Las “montañas geométricas”, en fuerte contraste con el cielo plomizo -¿os he dicho ya que la película está rodada en blanco y negro?- y los árboles pelados hacen de este un tránsito becqueriano, un caracolear entre hitos de campo santo. Lápidas erigidas para deslumbrar, motivo de regocijo para una especie de mentes unificadas (no, no son suecos) empeñadas en una supervivencia imposible.
Influyendo en el pasado, pero conscientes de su destino –“orgullosos”, incluso- los últimos de los nuestros parecen contentarse con haber diseñado un hermoso escenario sobre el que representar una última función. El asombro y la pena como estrambote: por lo que pudo haber sido, por ese “esfuerzo autodestructivo” capaz de suplantar cualquier intentona universalista.
Pero para que todo esto funcione es necesario crear una atmósfera. Para que el comulgante-espectador se vea impelido al trance, debe de estar arropado también en el plano sonoro. Y para este propósito Jóhan Jóhannsson ha compuesto un oratorio que convierte las nervaduras y las superficies agrietadas en mundos en formación, en posibilidades, en recreaciones. Los rebordes afilados, las odas al pasado en forma de dientes de sierra.
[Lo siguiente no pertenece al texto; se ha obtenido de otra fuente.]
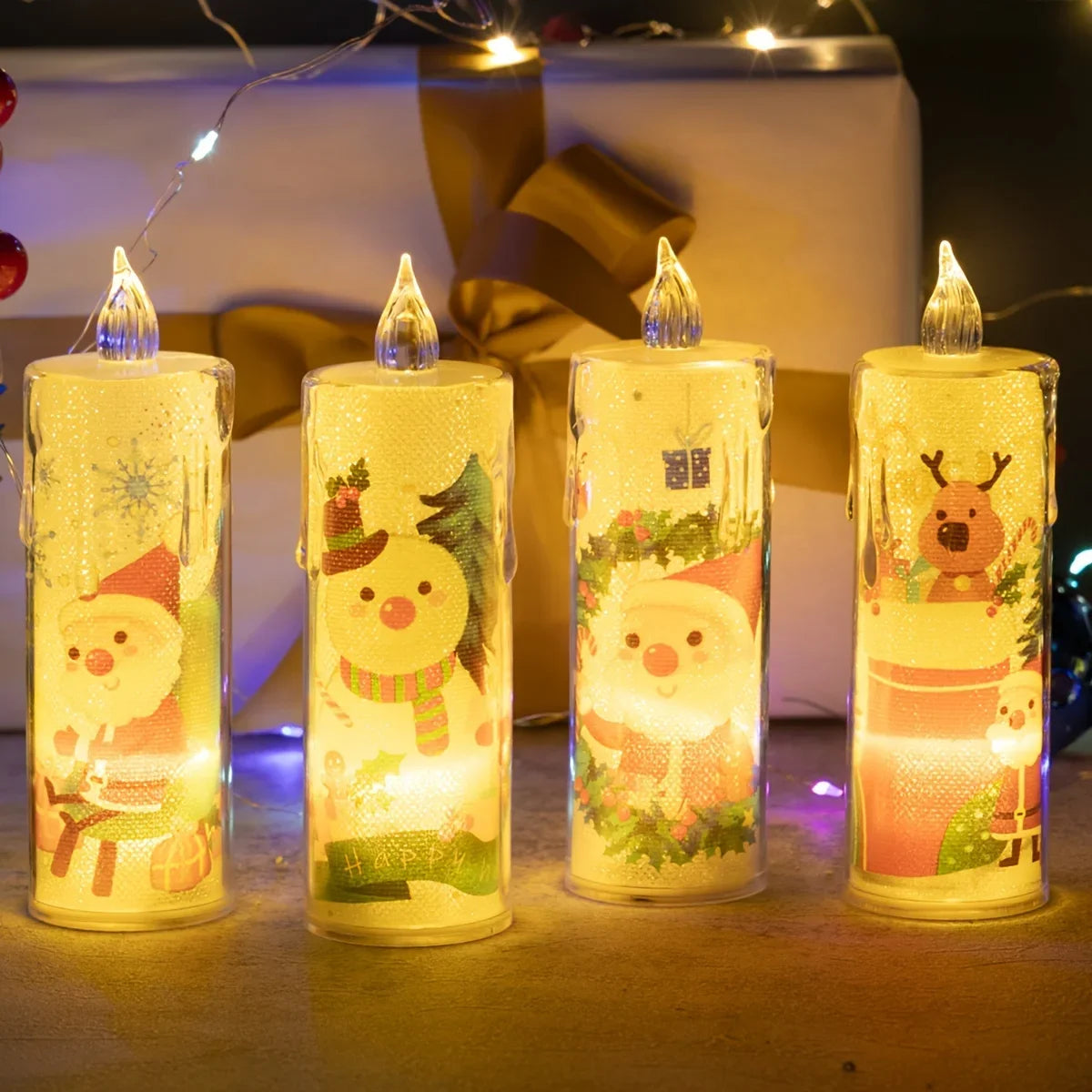 1-5PCS Flameless LED Christmas Electronic Candle Realistic Dripping Tears Santa Claus Snowman Ornaments Holiday Decorative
Una película en la que se pueden cerrar los ojos y dejarse acunar por una banda sonora capaz de enriquecer algo tan difícilmente adjetivable como… ¿un encadenado de 70 minutos entre bloques de hormigón y repuntes de osciloscopio? O en la que, si se prefiere, se puede eliminar el sonido del apocalipsis y disfrutar con esa colección de estampitas balcánicas generadas por otro sistema político convencido de que su reinado no era de este mundo.